Analizzando la storia con le chiavi interpretative della filosofia, si comprende bene come, con questo clamoroso fallimento, è venuta meno la legittimità politica di alcuni, mentre si è sempre più affermata quella condizione che Judith Butler chiama “dei senza Stato”. Un’analisi complessa – questa – che ha trovato eco fra i dibattiti filosofici romani. Ahmad Barqawi, riprendendo la sua ultima intervista, ha precisato: «Coloro che assassinano la verità sanno che è la verità, ma la negano, la distorcono o ne fabbricano una contraddittoria e inesistente. L’aspetto più pericoloso di questo assassinio della verità è che consente il genocidio e tutti gli altri crimini commessi in Palestina, come in altre zone del mondo». L’erosione della biopolitica va dunque a sovrapporsi all’assassinio della verità. “Penso dunque sono” si rivela, nell’orizzonte cieco della mancanza di diritto, una mero slogan, un’illusione: non basta più il pensiero per esserci.
Parlando poi con Muhammand Ali Khalidi si aggiunge un altro tassello a questo racconto della contemporaneità.
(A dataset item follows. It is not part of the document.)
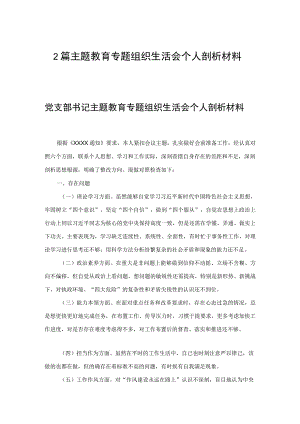 2篇主题教育专题组织生活会个人剖析材料.docx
Il filosofo ricorda che, a partire dal secondo giorno dell’ultimo attacco di guerra di Israele a Gaza, ovvero domenica 8 ottobre 2023, l’Istituto per gli studi sulla Palestina ha deciso di lavorare 24 ore su 24 per documentare la guerra genocida contro il popolo palestinese e registrarne l’impatto sulla questione palestinese, in particolare e sul tema arabo-israeliano in generale. Durante il primo mese di guerra, l’Istituto ha pubblicato una serie di documenti che trattano di storia, politica, questioni strategiche, diritto internazionale, economia, società… In considerazione dell’importanza di questi documenti politici, sia come ricerca accademica, sia per il loro valore documentario che per la loro copertura completa di diversi aspetti della guerra attuale, l’Istituto ha deciso di raccoglierli, poi, in un unico volume, destinato a diventare, al momento, un’opera di riferimento essenziale.
Il professore Khalidi, analizzando lo spazio biopolitico del suo popolo, ha messo in evidenza una novità fattuale, che diventa anche una novità interpretativa: «In questo quadro generale della situazione in Palestina, Internet è stato un importante punto di collegamento tra il vecchio e il nuovo. Un cambiamento culturale è iniziato tra la fine degli anni ‘90 e la metà degli anni 2000, caratterizzato da una maggiore apertura occidentale alle prospettive palestinesi, e che questo cambiamento culturale è stato probabilmente facilitato dall’avvento di Internet e dalla conseguente disponibilità di una gamma più ampia di informazioni. Per quanto riguarda il momento attuale, i social media potrebbero ora svolgere lo stesso ruolo che l’avvento di Internet ha svolto in precedenza: portare una gamma ancora più ampia di prospettive, ora includendo immagini, video e narrazioni personali, nella consapevolezza occidentale senza precedenti, fornendo una fonte di informazioni che il resto del mondo cerca di non vedere».